*Exercise brief*
Below are some records. Write out the line that contains "Profesjonalny mikser DJ" and all lines after it, exactly, but not the pictures.

---- Extracted records

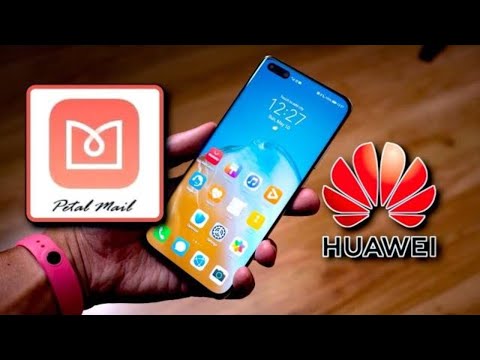 Petal Mail - Huawei's Gmail Alternative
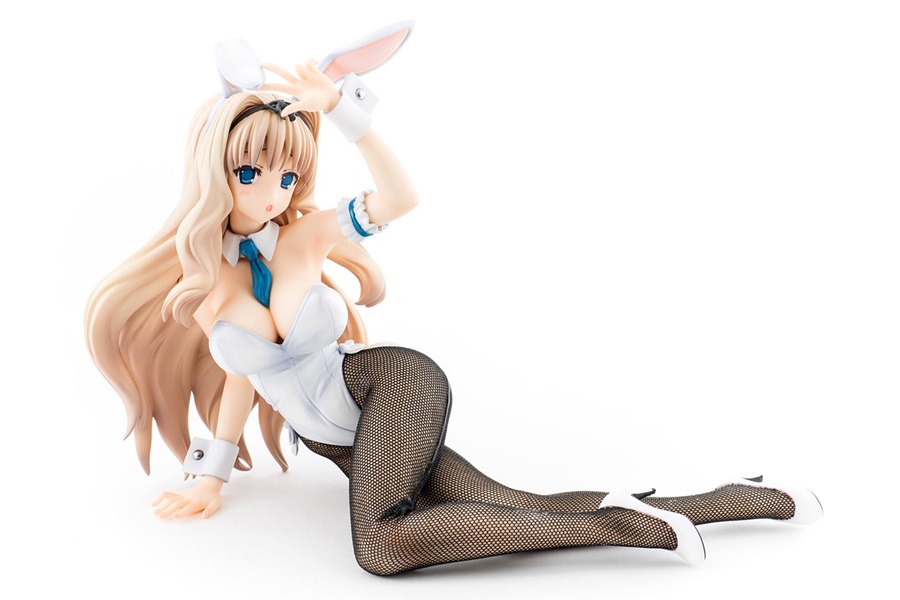 To Heart 2 - Kusugawa Sasara - 1/5 - White Bunny ver. (Orca Toys) photo 3
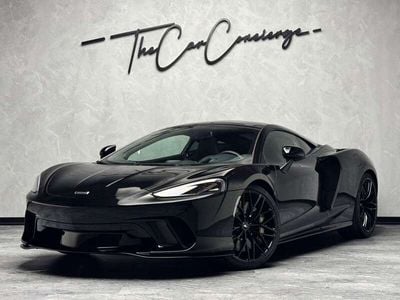 McLaren GT
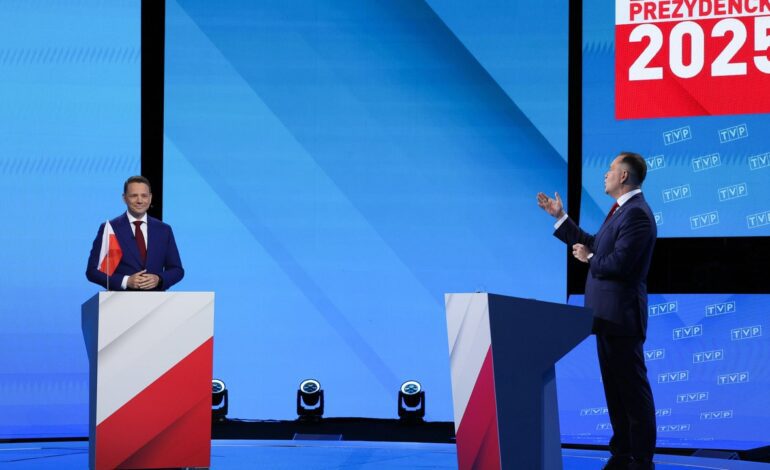 Una polarizada Polonia se juega en las urnas su futuro europeo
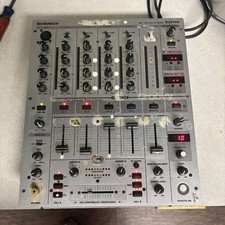 Profesjonalny mikser DJ Behringer DJX700 - testowany na moc tylko do odczytu na sprzedaż  Wysyłka do Poland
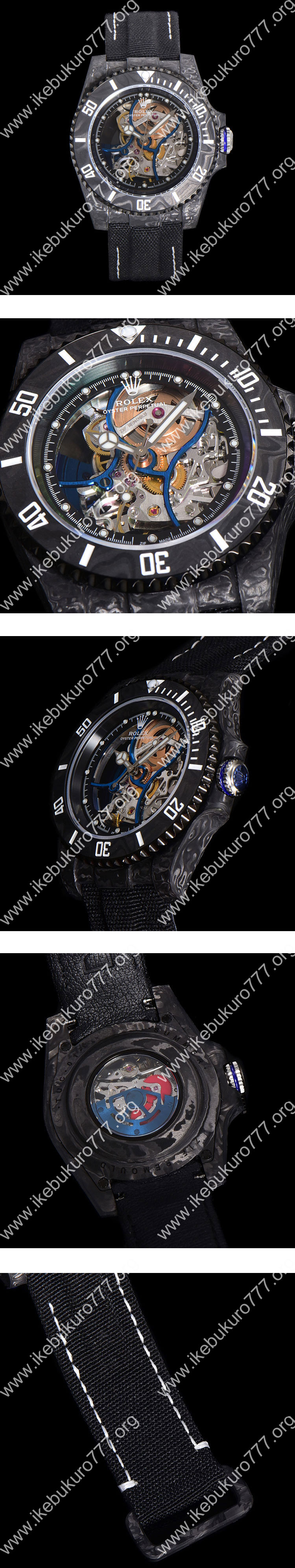 (DIW工場改良タイプ)ロレックススーパーコピー時計 サブマリーナー 114060 Artisans de Genève 完成度が完璧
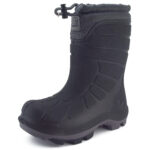 Viking - Extreme - Kinder Winterstiefel - black/grey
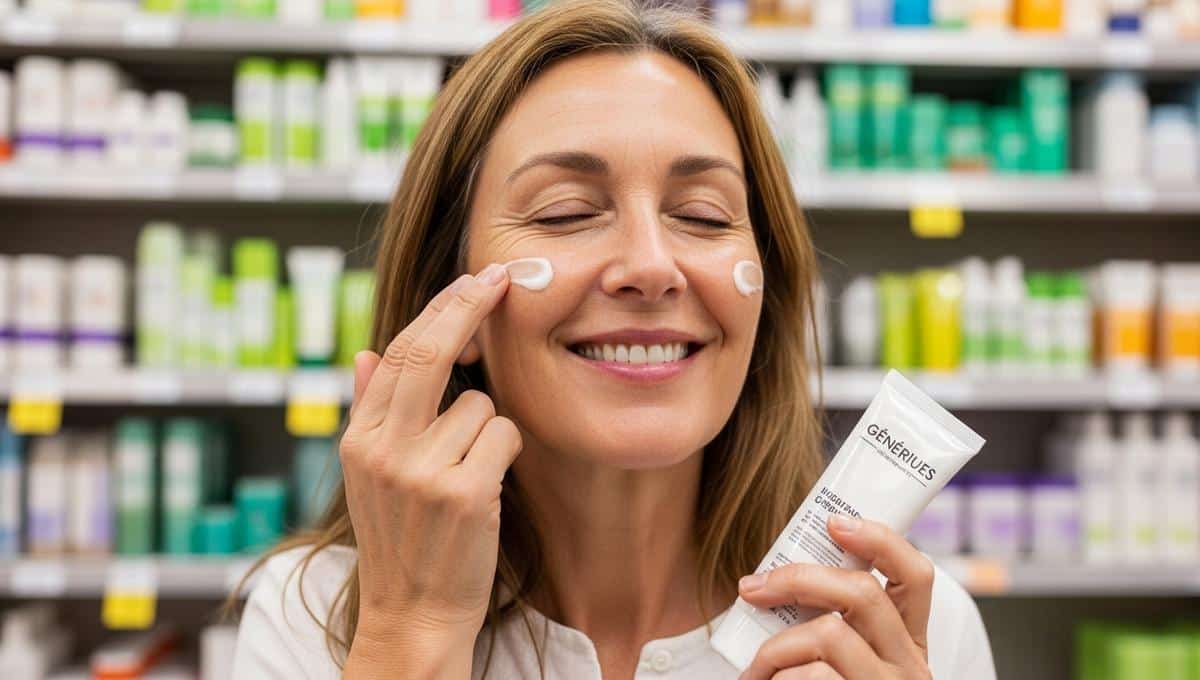 DivertissonsNous - Crème anti-rides Lidl classée la plus efficace par UFC-Que Choisir à moins de 5 €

--------

*Output of the task*
 Profesjonalny mikser DJ Behringer DJX700 - testowany na moc tylko do odczytu na sprzedaż  Wysyłka do Poland
 (DIW工場改良タイプ)ロレックススーパーコピー時計 サブマリーナー 114060 Artisans de Genève 完成度が完璧
 Viking - Extreme - Kinder Winterstiefel - black/grey
 DivertissonsNous - Crème anti-rides Lidl classée la plus efficace par UFC-Que Choisir à moins de 5 €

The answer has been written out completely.